The Kodak looks like it would be a great studio camera and I think the S2 is probably a better studio camera than the D100, but not dramatically so. Be happy to live in times where you have such hard choices!
> 3. I have a lot invested in studio strobes, since Nikon >has no "x": terminal I guess I am forced to give more >consideration to the Fuji offering unless someone can tell >me that Nikon has solved the problem. Does the optional >speed grip solve this problem?
The PC Sync problem has been greatly exaggerated. Besides adding an inexpensive hot-shoe PC Sync adapter, you can also use the internal flash adjusted to lowest setting (-3EV) and wrapping a piece of hard paper in front of it. My favor is using my SB-28DX in Manual mode adjusting output to its lowest (1/64) and pointing the flash head away from the subject, usually straight upward.
The only thing you have to do is to change a custom function to disable D-TTL in order to triggle the strobes. Works like charm.
You can use an AS15 hot shoe/sync cord adaptor, costs $20 or £18. Or as you suggest with the flash set at 1/64 and directed out of the scene to trigger the strobes. Or, as I prefer, use the flash on an SC17 remote cord as a secondary fill light or again pointed elswhere as a trigger. All methods seem to work admirably. Cheers Mike
Kaiser offer an accessory to fit hotshoes that provides a sync’ output for studio flash and has a duplicate but unpowered hotshoe above it which is very handy for using my old bowens infrared trigger on top of the D100. The Kaiser works a treat and cost a fraction of the Nikon accessory shoe.
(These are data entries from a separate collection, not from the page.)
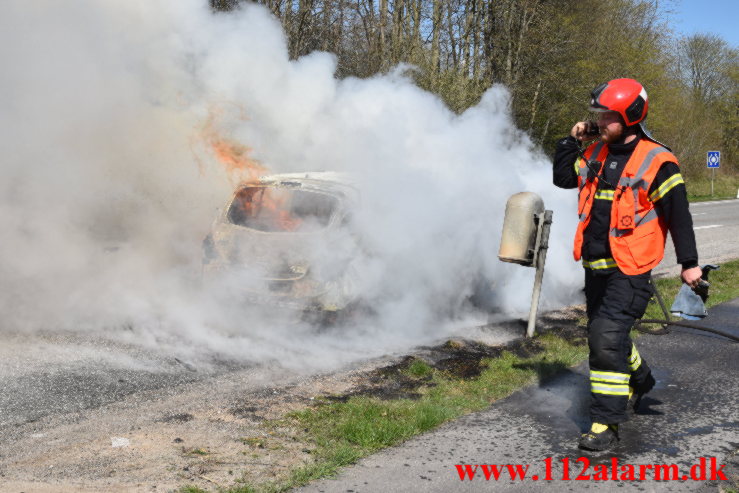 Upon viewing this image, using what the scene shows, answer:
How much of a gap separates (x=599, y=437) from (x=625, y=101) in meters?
1.90

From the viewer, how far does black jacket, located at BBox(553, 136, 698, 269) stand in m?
4.11

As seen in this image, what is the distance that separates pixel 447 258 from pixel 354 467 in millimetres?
4003

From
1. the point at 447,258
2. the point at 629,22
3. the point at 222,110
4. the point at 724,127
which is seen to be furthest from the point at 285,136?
the point at 724,127

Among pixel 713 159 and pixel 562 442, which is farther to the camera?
pixel 713 159

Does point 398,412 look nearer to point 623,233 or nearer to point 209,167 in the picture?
point 623,233

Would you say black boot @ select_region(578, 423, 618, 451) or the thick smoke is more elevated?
the thick smoke

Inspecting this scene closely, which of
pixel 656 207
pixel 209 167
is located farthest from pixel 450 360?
pixel 209 167

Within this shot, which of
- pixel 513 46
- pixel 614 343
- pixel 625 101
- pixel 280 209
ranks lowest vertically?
pixel 614 343

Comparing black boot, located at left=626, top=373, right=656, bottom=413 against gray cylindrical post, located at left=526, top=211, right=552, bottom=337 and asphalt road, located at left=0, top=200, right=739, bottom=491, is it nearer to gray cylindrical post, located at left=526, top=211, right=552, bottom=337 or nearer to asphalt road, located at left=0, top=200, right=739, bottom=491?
asphalt road, located at left=0, top=200, right=739, bottom=491

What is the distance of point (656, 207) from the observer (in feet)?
13.7

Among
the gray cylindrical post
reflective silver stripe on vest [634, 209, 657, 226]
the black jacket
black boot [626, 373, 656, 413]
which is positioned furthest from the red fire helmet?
the gray cylindrical post

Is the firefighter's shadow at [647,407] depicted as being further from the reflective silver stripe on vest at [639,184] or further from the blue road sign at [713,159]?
the blue road sign at [713,159]

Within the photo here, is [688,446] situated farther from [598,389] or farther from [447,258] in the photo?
[447,258]

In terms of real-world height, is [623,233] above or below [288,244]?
above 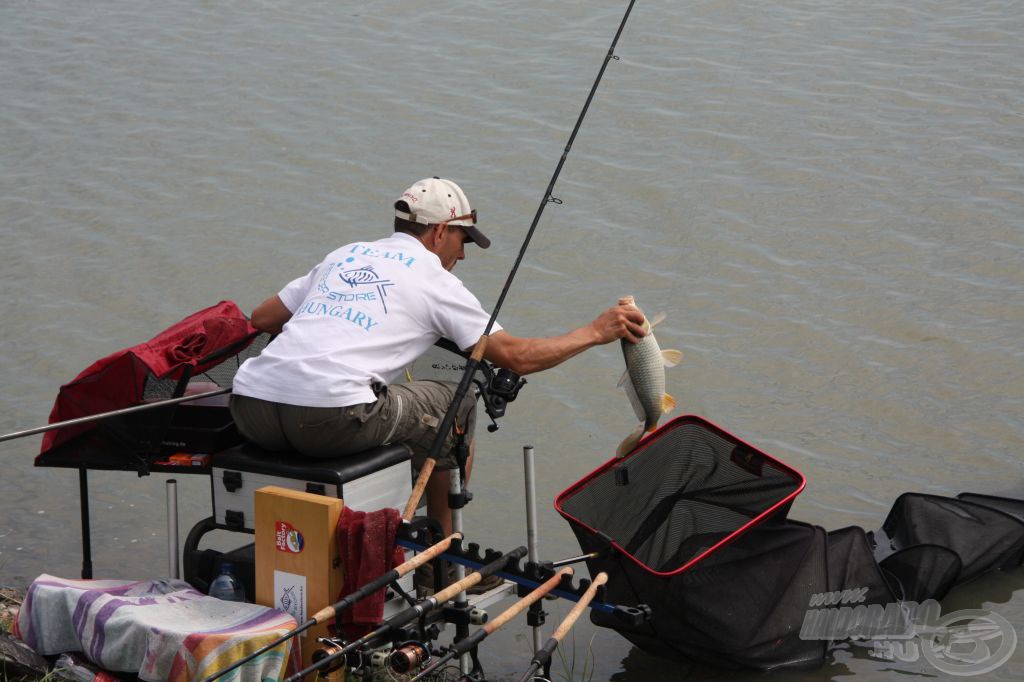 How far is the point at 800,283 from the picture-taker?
715 cm

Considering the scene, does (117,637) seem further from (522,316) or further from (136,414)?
(522,316)

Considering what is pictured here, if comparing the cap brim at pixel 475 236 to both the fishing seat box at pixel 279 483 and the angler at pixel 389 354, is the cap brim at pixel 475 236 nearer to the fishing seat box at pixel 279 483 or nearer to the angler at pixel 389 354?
the angler at pixel 389 354

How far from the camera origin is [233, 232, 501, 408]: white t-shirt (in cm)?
371

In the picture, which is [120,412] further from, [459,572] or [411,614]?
[411,614]

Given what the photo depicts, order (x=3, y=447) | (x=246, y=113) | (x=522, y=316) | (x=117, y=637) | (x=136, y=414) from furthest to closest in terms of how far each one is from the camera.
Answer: (x=246, y=113) → (x=522, y=316) → (x=3, y=447) → (x=136, y=414) → (x=117, y=637)

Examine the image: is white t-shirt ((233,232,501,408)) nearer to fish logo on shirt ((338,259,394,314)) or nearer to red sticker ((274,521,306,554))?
fish logo on shirt ((338,259,394,314))

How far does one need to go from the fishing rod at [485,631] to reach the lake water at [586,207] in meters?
0.93

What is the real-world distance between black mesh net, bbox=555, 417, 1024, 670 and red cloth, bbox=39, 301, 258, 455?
1.24 metres

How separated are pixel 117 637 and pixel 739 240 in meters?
5.08

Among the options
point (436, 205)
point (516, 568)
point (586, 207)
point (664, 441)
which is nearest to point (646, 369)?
point (664, 441)

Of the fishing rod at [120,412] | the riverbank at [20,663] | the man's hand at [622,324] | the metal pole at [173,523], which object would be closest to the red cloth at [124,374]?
the fishing rod at [120,412]

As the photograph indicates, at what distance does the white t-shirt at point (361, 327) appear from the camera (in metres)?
3.71

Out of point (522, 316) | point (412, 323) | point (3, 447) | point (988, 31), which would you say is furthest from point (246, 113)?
point (412, 323)

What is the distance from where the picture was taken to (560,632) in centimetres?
279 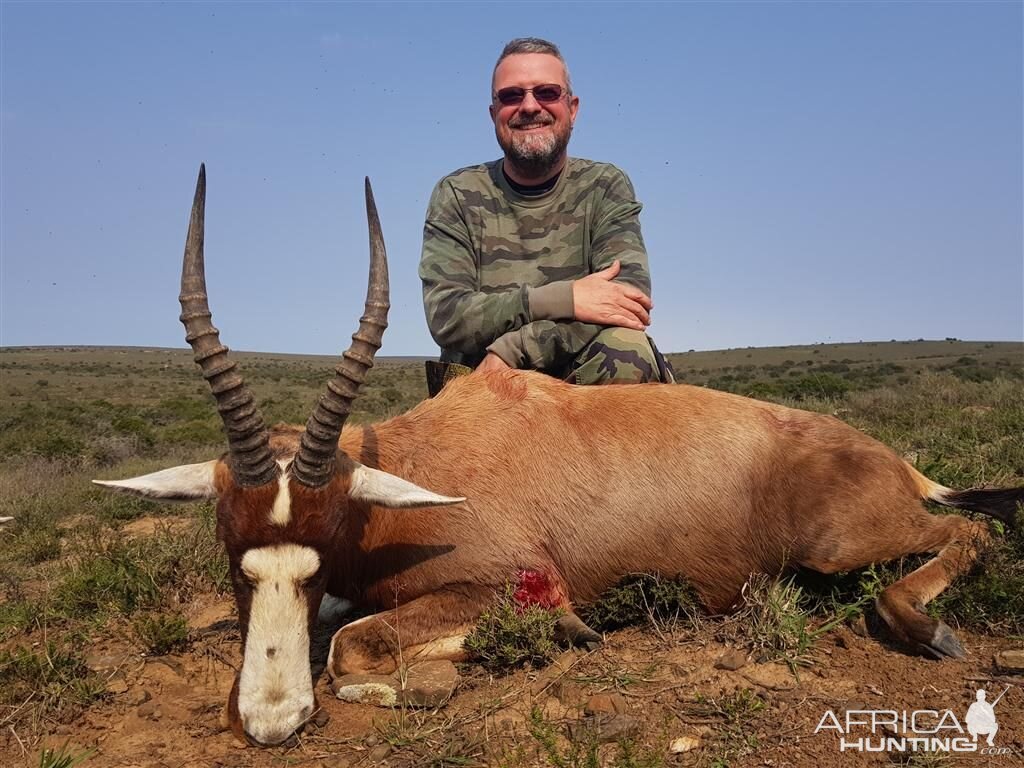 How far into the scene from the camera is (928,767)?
263 cm

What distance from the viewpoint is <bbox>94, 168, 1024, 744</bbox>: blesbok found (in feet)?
11.8

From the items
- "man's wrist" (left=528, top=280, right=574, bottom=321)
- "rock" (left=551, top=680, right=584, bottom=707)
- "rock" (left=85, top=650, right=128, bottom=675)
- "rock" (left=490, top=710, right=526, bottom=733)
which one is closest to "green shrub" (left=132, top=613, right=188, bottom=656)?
"rock" (left=85, top=650, right=128, bottom=675)

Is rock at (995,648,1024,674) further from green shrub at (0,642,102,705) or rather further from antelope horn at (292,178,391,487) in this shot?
green shrub at (0,642,102,705)

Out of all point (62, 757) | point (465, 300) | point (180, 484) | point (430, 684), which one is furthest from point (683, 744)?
point (465, 300)

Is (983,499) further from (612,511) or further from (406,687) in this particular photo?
(406,687)

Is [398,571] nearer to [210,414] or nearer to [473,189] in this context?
[473,189]

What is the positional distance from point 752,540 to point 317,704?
241 cm

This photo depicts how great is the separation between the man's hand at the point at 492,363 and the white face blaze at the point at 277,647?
1.88 metres

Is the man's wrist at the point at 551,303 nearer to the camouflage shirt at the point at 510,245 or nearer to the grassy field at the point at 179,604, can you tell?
the camouflage shirt at the point at 510,245

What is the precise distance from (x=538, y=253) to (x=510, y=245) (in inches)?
9.2

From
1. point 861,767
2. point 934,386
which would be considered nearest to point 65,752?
point 861,767

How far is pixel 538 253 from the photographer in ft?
20.4

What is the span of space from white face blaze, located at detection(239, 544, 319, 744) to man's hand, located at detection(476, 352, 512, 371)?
188 centimetres

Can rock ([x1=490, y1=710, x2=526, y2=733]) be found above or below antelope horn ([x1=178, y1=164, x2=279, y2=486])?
below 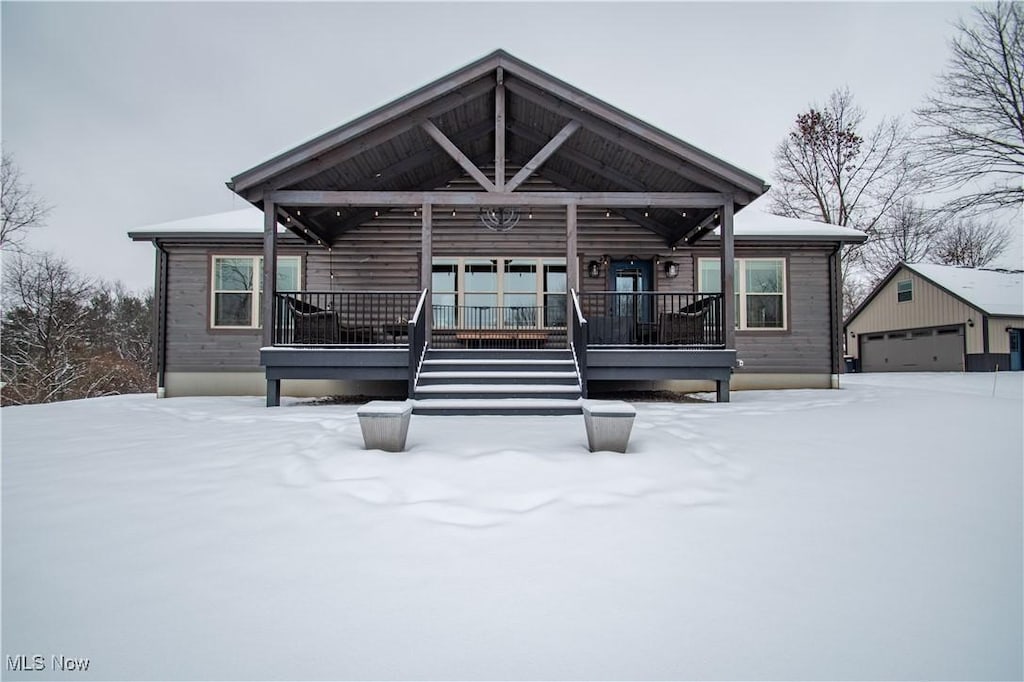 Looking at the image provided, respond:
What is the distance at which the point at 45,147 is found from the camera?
35.7 metres

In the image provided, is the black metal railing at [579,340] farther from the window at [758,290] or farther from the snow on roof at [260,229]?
the snow on roof at [260,229]

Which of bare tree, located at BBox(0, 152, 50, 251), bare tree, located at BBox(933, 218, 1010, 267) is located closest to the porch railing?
bare tree, located at BBox(0, 152, 50, 251)

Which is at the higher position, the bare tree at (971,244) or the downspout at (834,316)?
the bare tree at (971,244)

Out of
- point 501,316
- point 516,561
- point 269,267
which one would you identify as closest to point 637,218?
point 501,316

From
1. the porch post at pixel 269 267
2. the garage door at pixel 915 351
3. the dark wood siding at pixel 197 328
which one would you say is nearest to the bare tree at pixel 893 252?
the garage door at pixel 915 351

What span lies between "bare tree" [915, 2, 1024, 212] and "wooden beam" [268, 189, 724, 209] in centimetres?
1209

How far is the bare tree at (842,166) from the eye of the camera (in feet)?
66.6

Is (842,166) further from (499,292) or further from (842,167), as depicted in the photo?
(499,292)

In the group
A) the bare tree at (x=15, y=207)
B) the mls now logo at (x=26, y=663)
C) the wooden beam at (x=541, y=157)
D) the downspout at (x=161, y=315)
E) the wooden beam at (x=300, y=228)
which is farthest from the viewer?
the bare tree at (x=15, y=207)

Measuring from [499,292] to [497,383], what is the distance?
401 cm

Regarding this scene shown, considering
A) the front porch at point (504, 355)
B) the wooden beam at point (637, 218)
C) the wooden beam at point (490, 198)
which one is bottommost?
the front porch at point (504, 355)

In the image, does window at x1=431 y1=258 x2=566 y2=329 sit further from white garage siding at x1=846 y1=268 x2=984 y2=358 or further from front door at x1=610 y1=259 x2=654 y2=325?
white garage siding at x1=846 y1=268 x2=984 y2=358

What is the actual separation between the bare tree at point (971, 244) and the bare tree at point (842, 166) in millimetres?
9979

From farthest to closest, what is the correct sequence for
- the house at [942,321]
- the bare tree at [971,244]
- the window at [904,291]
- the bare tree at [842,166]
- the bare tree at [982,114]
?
the bare tree at [971,244] < the window at [904,291] < the bare tree at [842,166] < the house at [942,321] < the bare tree at [982,114] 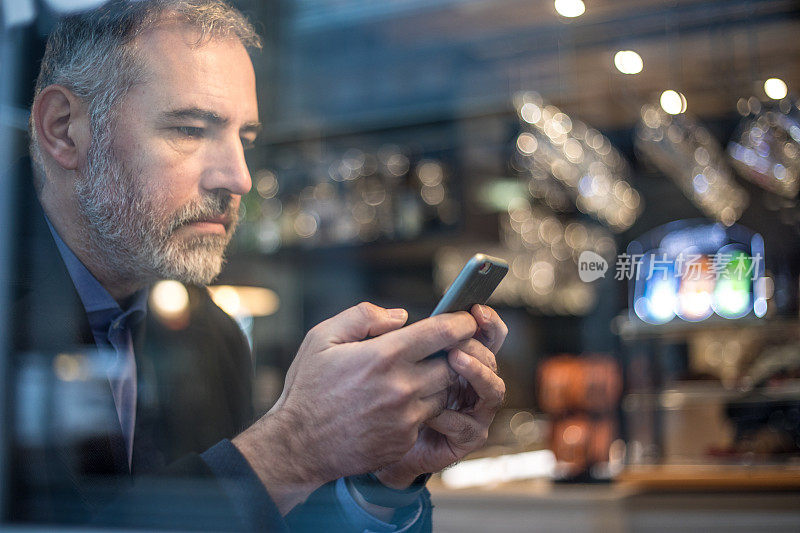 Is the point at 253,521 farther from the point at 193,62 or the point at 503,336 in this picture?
the point at 193,62

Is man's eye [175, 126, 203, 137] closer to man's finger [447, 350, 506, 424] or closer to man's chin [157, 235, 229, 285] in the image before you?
man's chin [157, 235, 229, 285]

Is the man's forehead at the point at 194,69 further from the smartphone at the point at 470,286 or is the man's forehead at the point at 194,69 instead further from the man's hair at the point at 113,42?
the smartphone at the point at 470,286

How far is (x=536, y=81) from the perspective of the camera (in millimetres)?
1975

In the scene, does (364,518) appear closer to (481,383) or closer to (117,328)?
(481,383)

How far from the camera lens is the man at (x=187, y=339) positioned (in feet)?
1.95

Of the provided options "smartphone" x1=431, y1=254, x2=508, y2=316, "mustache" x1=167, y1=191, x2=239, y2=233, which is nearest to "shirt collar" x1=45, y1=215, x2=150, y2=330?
"mustache" x1=167, y1=191, x2=239, y2=233

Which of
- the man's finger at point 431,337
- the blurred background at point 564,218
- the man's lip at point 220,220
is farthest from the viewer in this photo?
the blurred background at point 564,218

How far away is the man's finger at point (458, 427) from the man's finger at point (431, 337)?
0.19ft

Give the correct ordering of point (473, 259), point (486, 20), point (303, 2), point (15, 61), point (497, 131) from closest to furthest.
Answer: point (473, 259)
point (15, 61)
point (303, 2)
point (486, 20)
point (497, 131)

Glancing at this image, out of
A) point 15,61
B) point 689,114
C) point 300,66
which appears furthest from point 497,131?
point 15,61

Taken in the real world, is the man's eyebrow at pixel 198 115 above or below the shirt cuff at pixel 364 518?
above

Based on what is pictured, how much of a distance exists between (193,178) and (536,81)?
1.48 m

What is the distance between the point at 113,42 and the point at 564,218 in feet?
11.2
I have not been brave enough to trust firing my studio flash system via a sync’ lead - since my pal managed to fry his D100 with some ancient Strobes. You need to be certain that the sync’ voltage is well-within Nikon’s specifications. The idea of some ND over the D100s tiny pop-up flash sounds very promising. I might give it a go, as the Bowen’s trigger is the size of a packet of cigarettes and always, always flops about as I shoot.
My advice would be to stay with the investment you have in your existing glassware and go with the Nikon or one of the marques which can carry Nikon glass.
Although the AS-15 is meant to be used with the D-100, depending on the voltage of your strobe, it might fry your camera. Another synch adaptor is made by Wein. This attachment regulates the voltage so there is less chance of having your strobes high voltage hurting our cameras. It's a little more expensive, and buying 5 of them <one for each camera, and to keep in 2 camera bags> hurt a little, but I haven't had any problems with using them with all the different set up's we have,
I have used my D-100 and F-80 (=UK N80) with two Prolinca IR triggers for studio flash, each connected to the hotshoe. They work really well, and save a lot of battery life compared with using the built-in speedlights as triggers. The trigger takes two AA batteries and lasts for several hundred shots with NiMH rechargables.
The Prolinca triggers cost around 40 UK pounds each.
In any case, I agree that optical triggering allows more freedom to move in the studio, and avoids any chance of spurious power surges trashing the camera. My F-80 once locked up completely when connected with a sync cord, half way through the shoot, and the only way to clear it was taking out the batteries. Ever since I have used optical triggering.